# Exercise goal
The response must be the exact lines from the one that contains "Florentine Stone Finish" through the end of the material, with no pictures and no additional lines.
[Given data Boundary: Start]
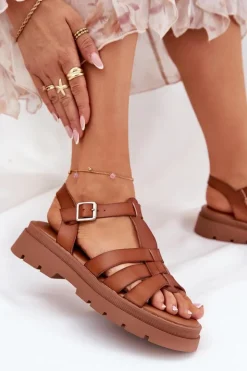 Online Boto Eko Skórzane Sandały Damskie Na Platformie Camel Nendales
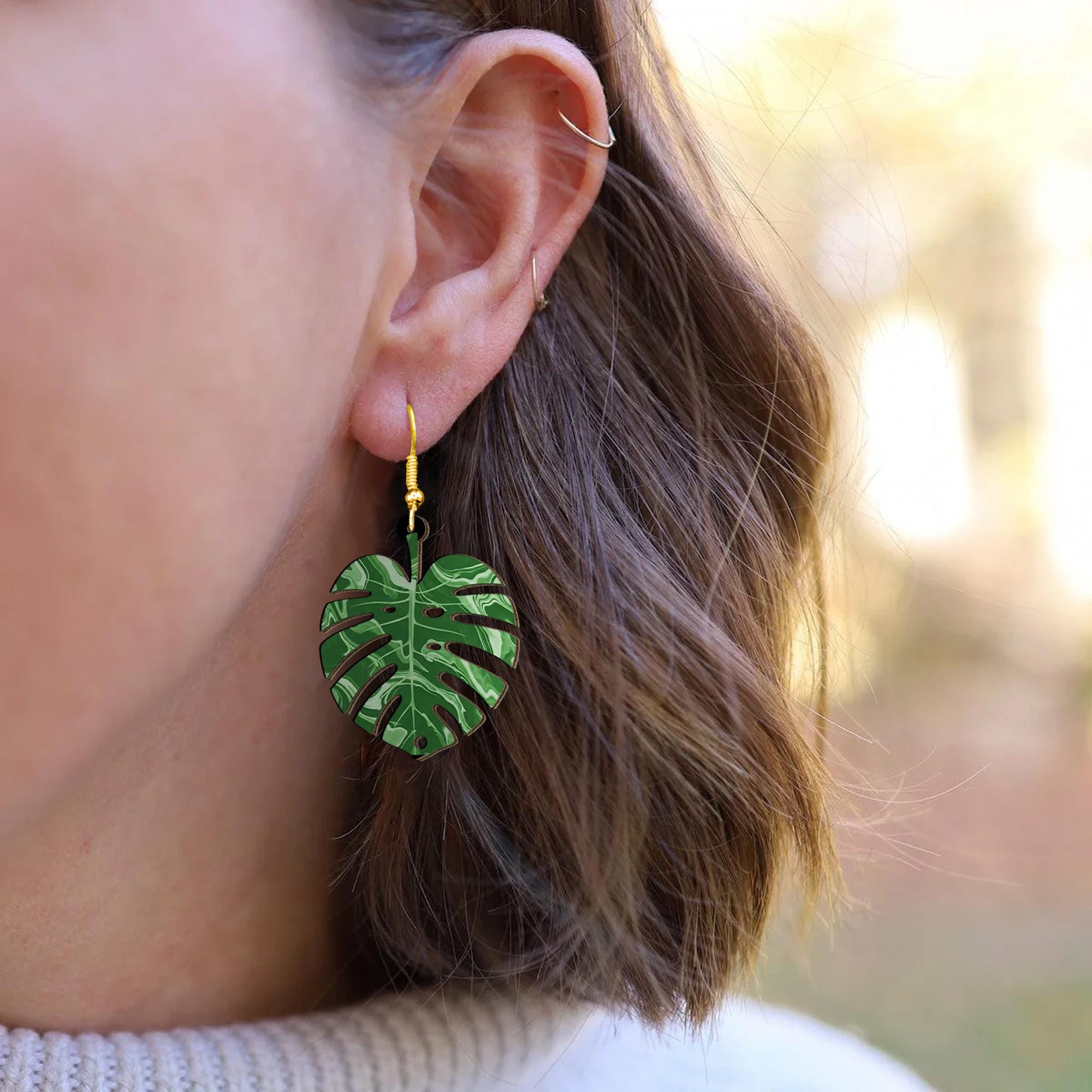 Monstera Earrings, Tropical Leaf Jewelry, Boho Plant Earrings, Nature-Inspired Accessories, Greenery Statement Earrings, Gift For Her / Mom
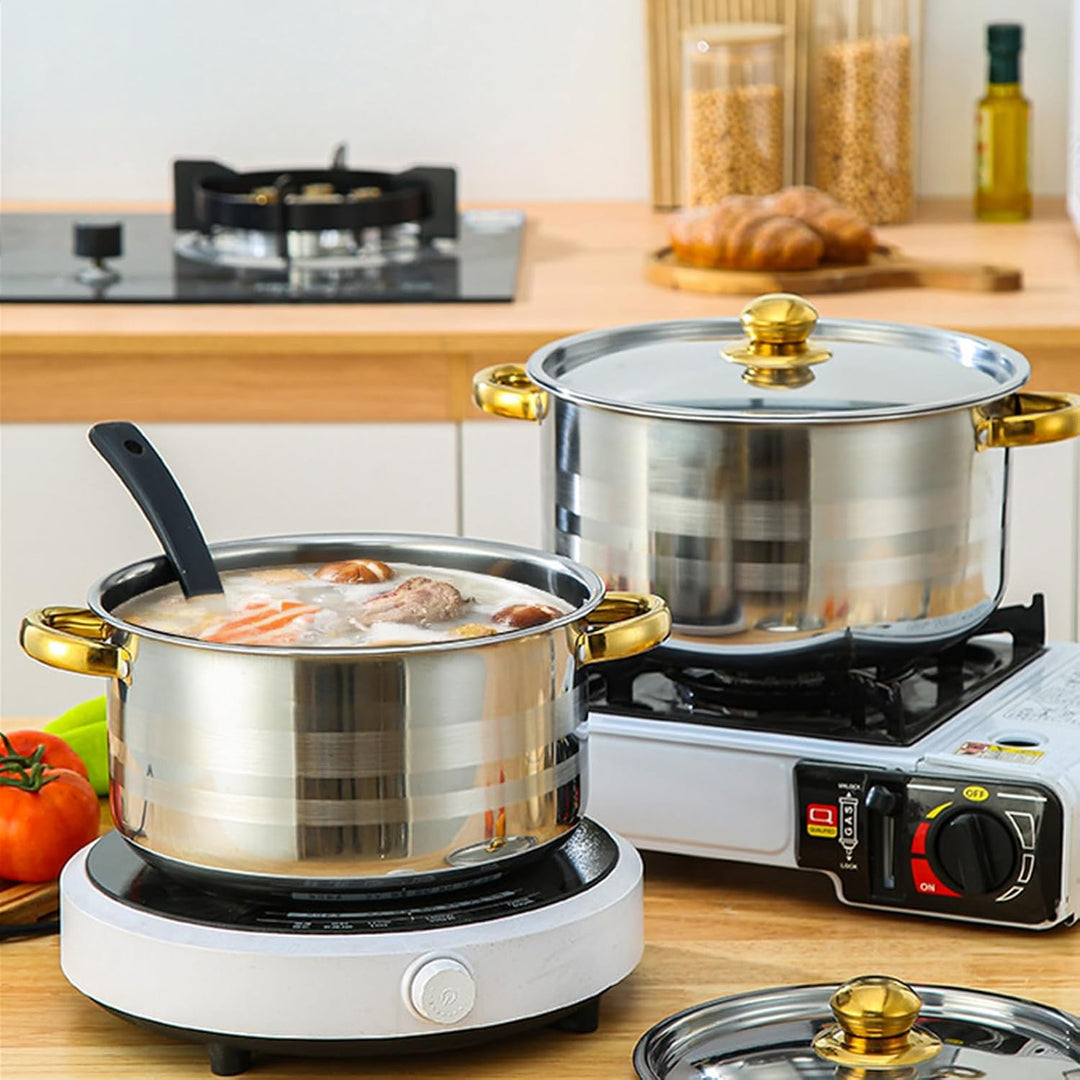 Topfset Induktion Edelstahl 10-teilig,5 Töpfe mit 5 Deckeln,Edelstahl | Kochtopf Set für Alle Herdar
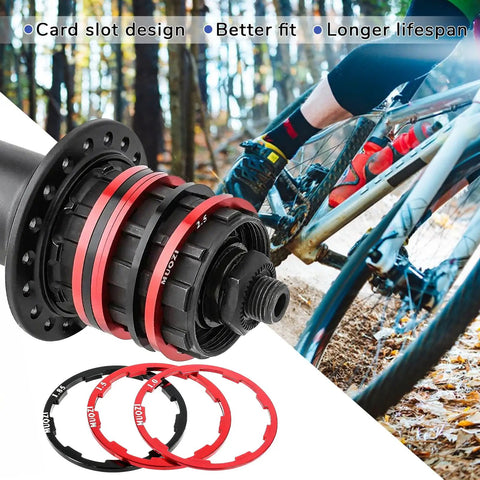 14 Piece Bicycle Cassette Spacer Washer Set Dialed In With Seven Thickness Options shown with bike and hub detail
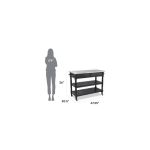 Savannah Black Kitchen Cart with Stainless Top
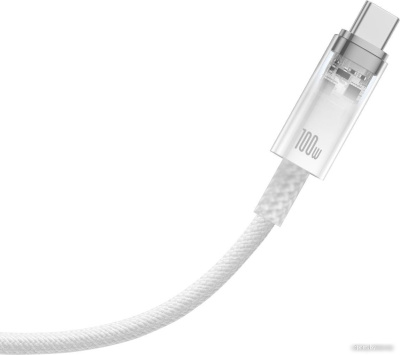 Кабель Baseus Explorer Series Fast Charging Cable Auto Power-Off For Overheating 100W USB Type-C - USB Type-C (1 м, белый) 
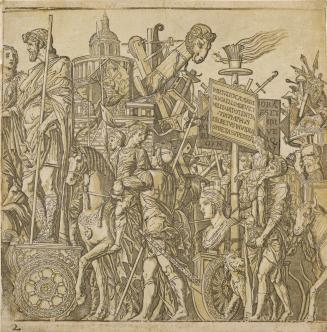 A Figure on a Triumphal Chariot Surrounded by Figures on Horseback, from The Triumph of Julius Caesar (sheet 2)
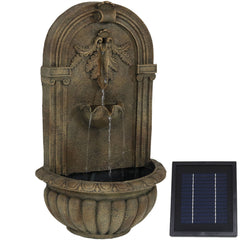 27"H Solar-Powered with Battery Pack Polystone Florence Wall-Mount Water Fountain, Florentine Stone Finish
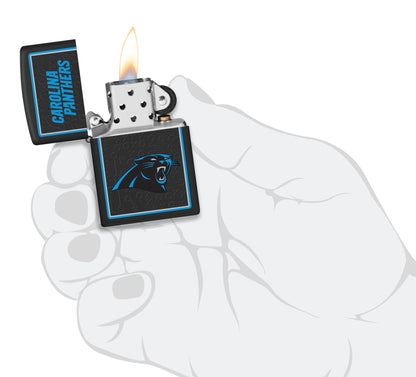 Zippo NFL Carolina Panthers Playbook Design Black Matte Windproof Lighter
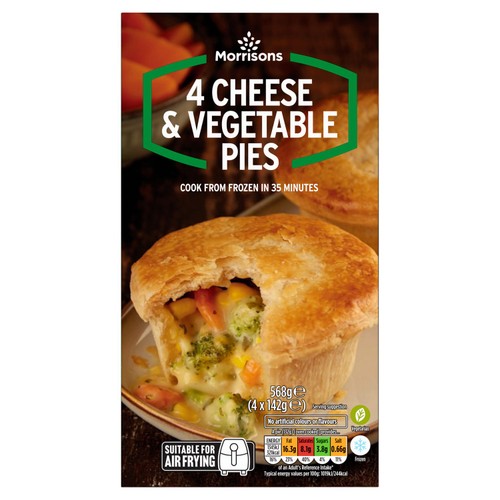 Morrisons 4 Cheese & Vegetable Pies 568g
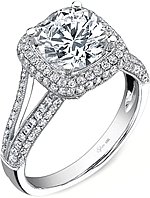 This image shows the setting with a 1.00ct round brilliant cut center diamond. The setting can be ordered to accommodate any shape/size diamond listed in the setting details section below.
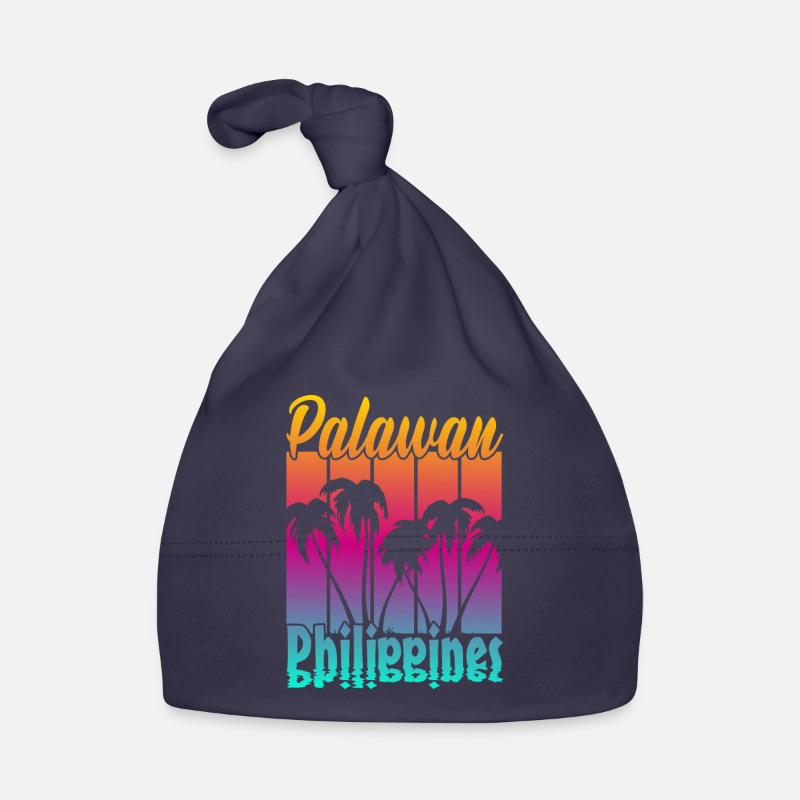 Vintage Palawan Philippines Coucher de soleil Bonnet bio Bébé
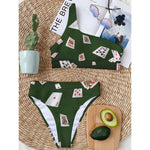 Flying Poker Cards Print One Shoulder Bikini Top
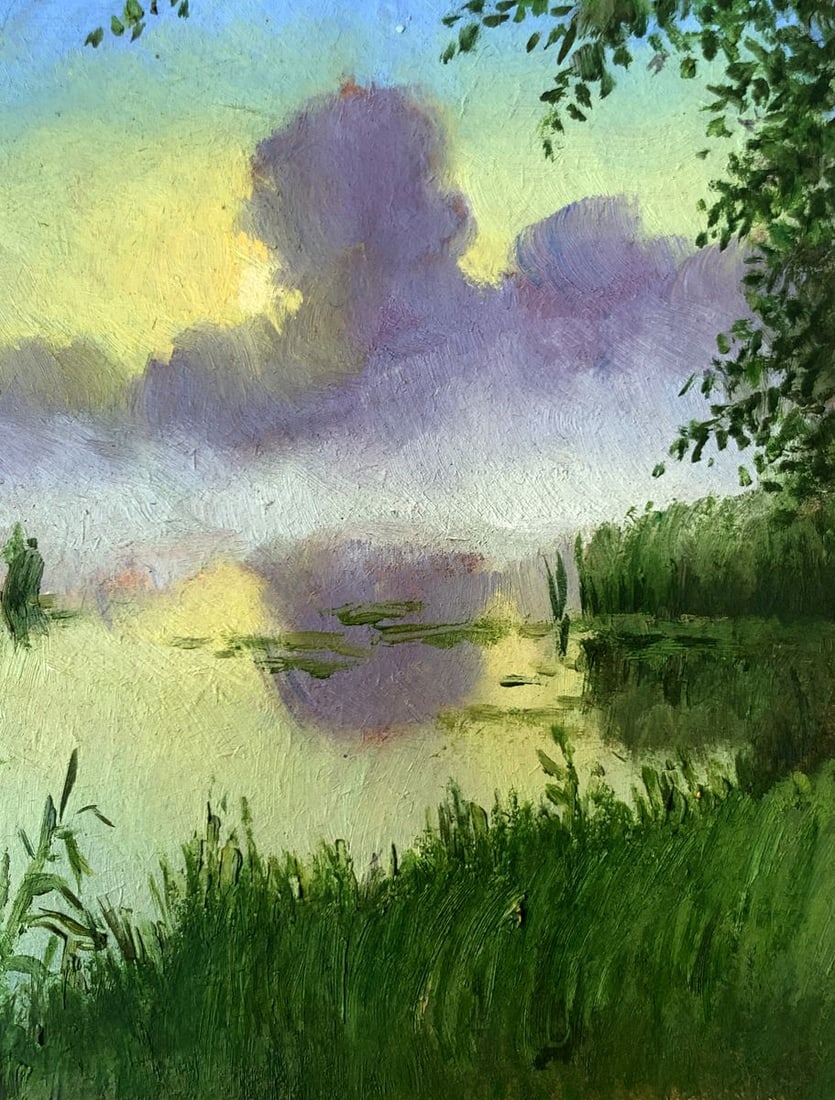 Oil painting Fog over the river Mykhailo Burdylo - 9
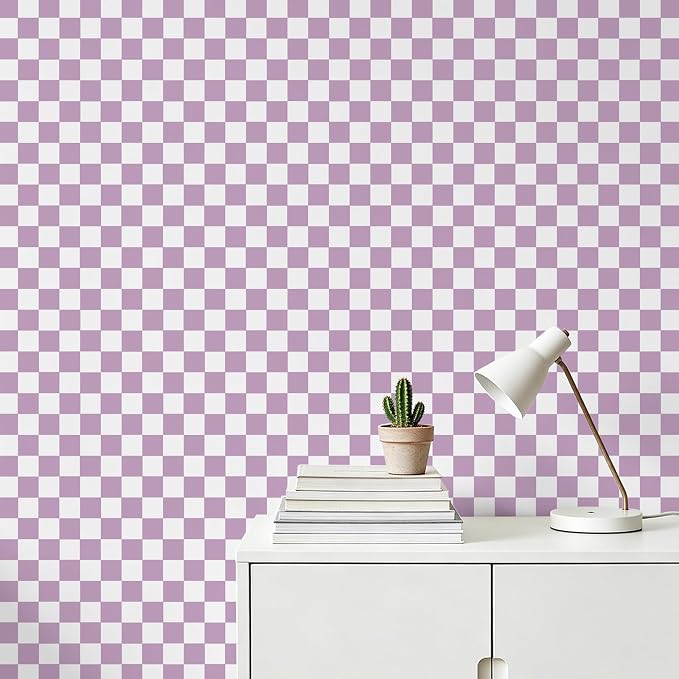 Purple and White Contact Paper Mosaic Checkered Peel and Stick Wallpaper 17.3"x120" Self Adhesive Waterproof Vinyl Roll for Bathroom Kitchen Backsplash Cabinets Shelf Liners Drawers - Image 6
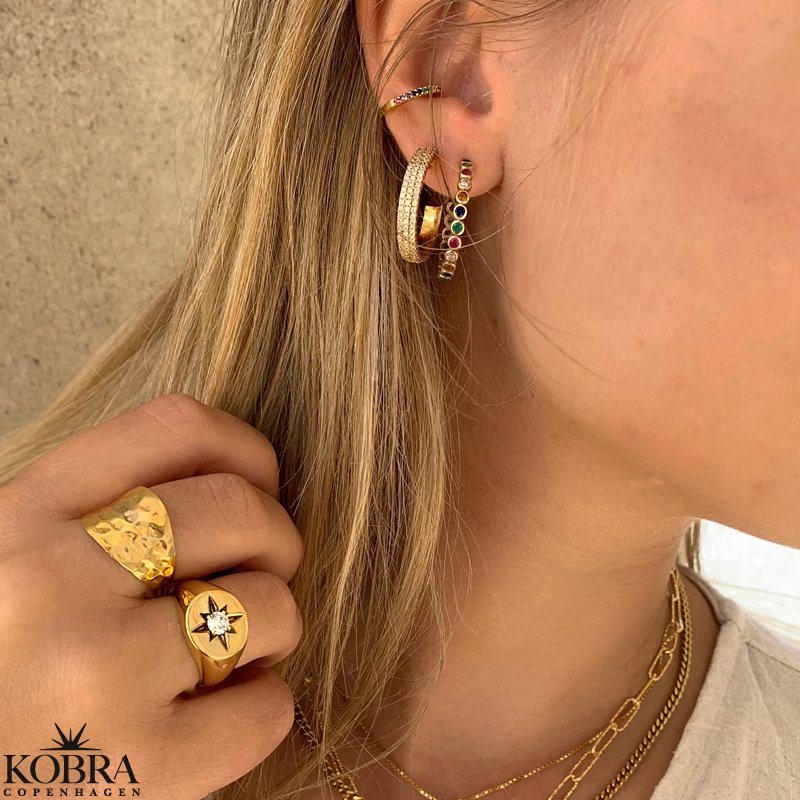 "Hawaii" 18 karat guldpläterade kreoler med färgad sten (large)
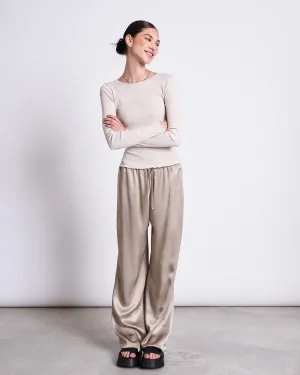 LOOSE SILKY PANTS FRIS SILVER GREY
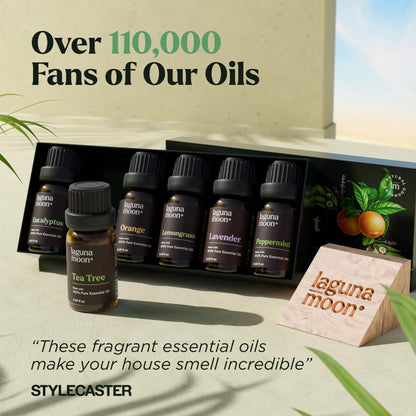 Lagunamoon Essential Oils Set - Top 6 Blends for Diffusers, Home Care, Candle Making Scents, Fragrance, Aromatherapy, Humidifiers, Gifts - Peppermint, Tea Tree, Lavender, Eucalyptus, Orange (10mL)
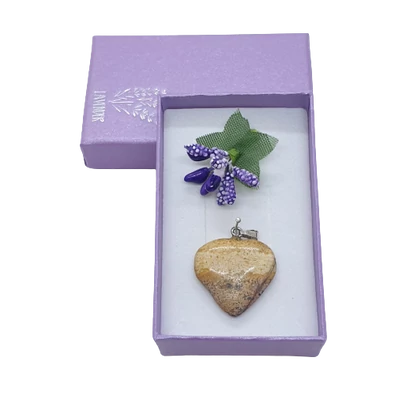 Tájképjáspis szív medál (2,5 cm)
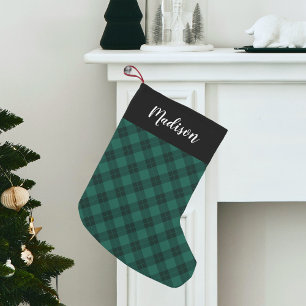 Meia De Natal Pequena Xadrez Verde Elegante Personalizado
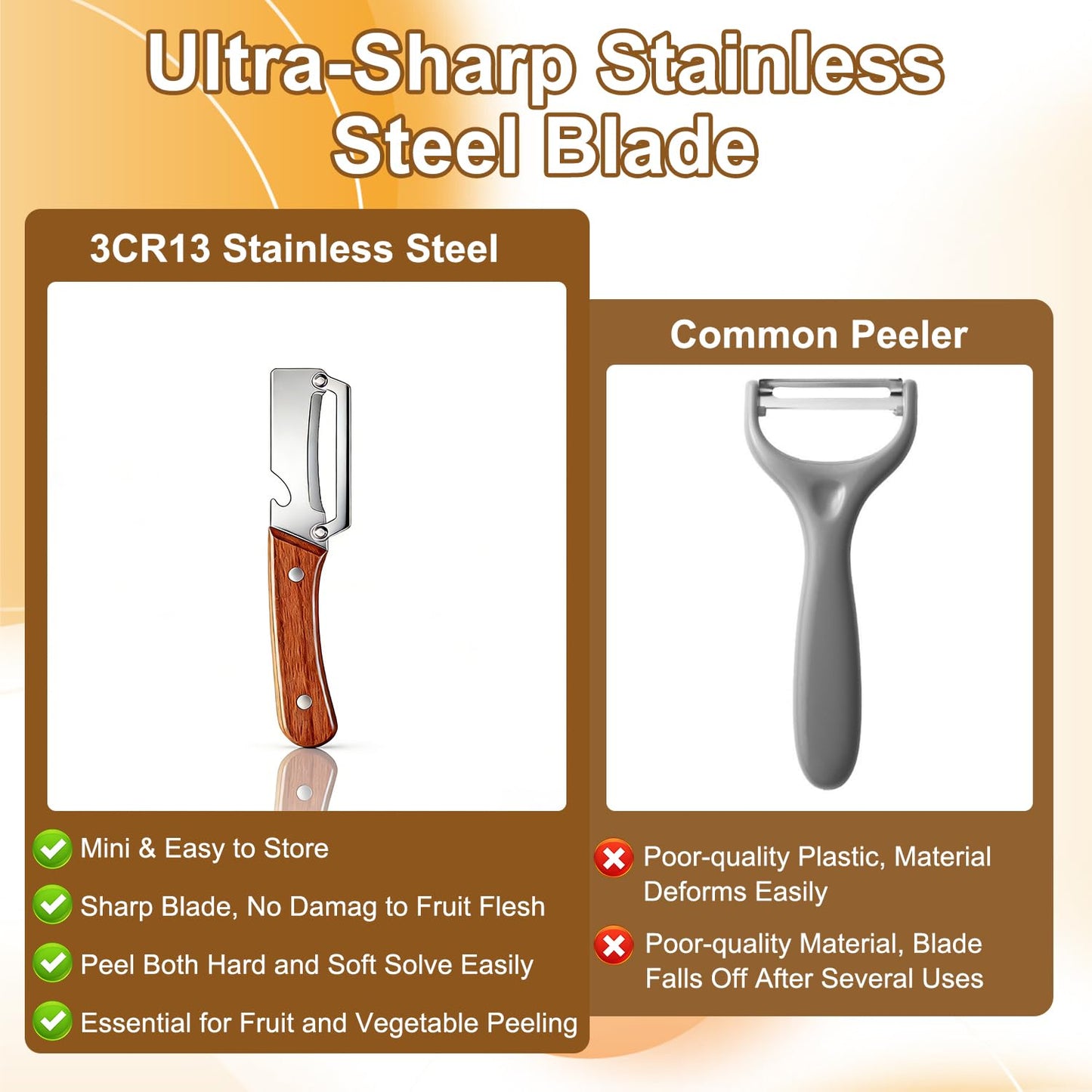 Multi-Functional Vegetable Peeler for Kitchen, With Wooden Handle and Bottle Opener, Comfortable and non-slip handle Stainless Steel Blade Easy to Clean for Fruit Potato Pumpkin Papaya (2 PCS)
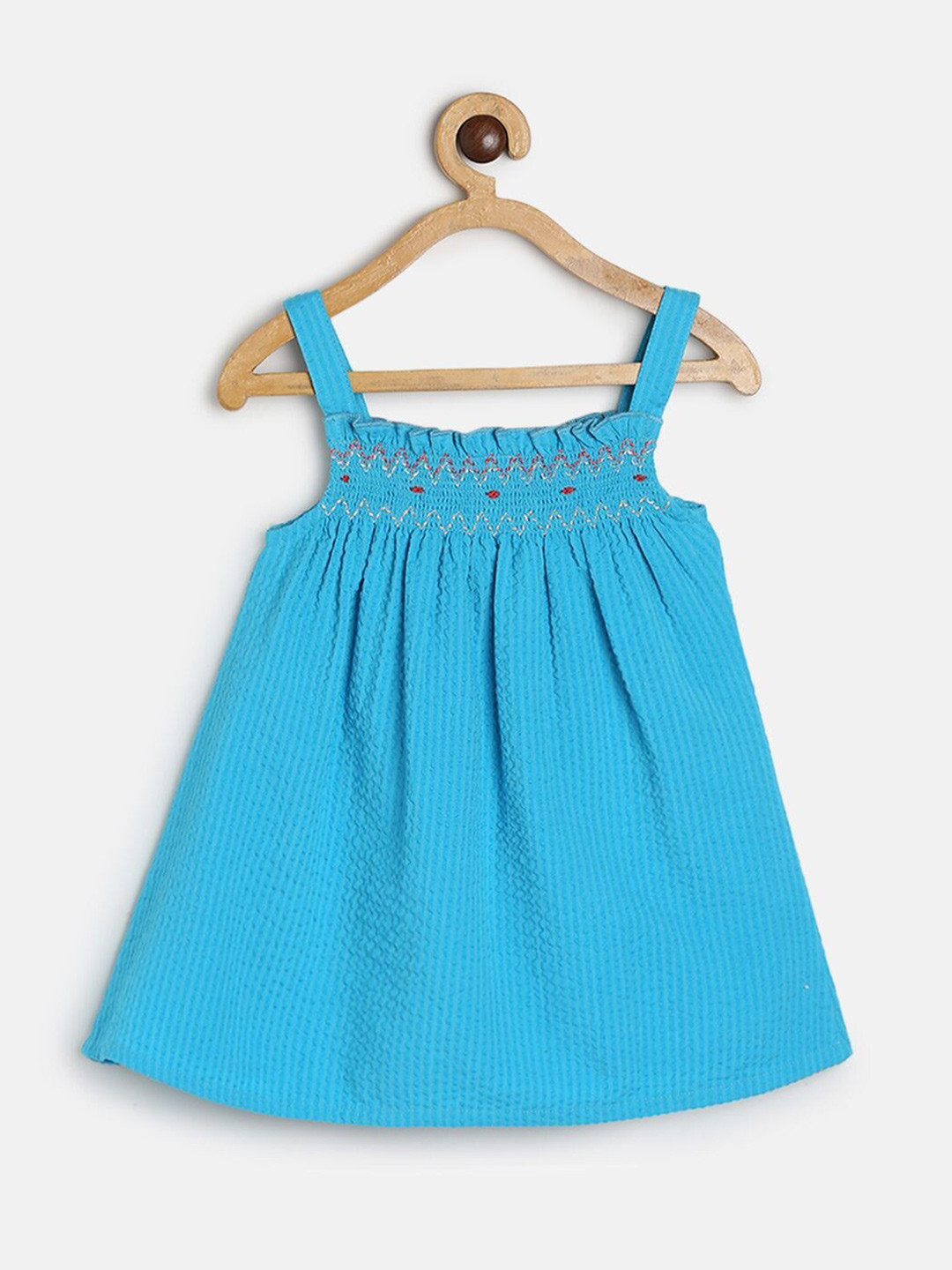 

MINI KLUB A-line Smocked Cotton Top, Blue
[Given data Boundary: End]
# Solved exercise
 27"H Solar-Powered with Battery Pack Polystone Florence Wall-Mount Water Fountain, Florentine Stone Finish
 Zippo NFL Carolina Panthers Playbook Design Black Matte Windproof Lighter
 Morrisons 4 Cheese & Vegetable Pies 568g
 This image shows the setting with a 1.00ct round brilliant cut center diamond. The setting can be ordered to accommodate any shape/size diamond listed in the setting details section below.
 Vintage Palawan Philippines Coucher de soleil Bonnet bio Bébé
 Flying Poker Cards Print One Shoulder Bikini Top
 Oil painting Fog over the river Mykhailo Burdylo - 9
 Purple and White Contact Paper Mosaic Checkered Peel and Stick Wallpaper 17.3"x120" Self Adhesive Waterproof Vinyl Roll for Bathroom Kitchen Backsplash Cabinets Shelf Liners Drawers - Image 6
 "Hawaii" 18 karat guldpläterade kreoler med färgad sten (large)
 LOOSE SILKY PANTS FRIS SILVER GREY
 Lagunamoon Essential Oils Set - Top 6 Blends for Diffusers, Home Care, Candle Making Scents, Fragrance, Aromatherapy, Humidifiers, Gifts - Peppermint, Tea Tree, Lavender, Eucalyptus, Orange (10mL)
 Tájképjáspis szív medál (2,5 cm)
 Meia De Natal Pequena Xadrez Verde Elegante Personalizado
 Multi-Functional Vegetable Peeler for Kitchen, With Wooden Handle and Bottle Opener, Comfortable and non-slip handle Stainless Steel Blade Easy to Clean for Fruit Potato Pumpkin Papaya (2 PCS)

MINI KLUB A-line Smocked Cotton Top, Blue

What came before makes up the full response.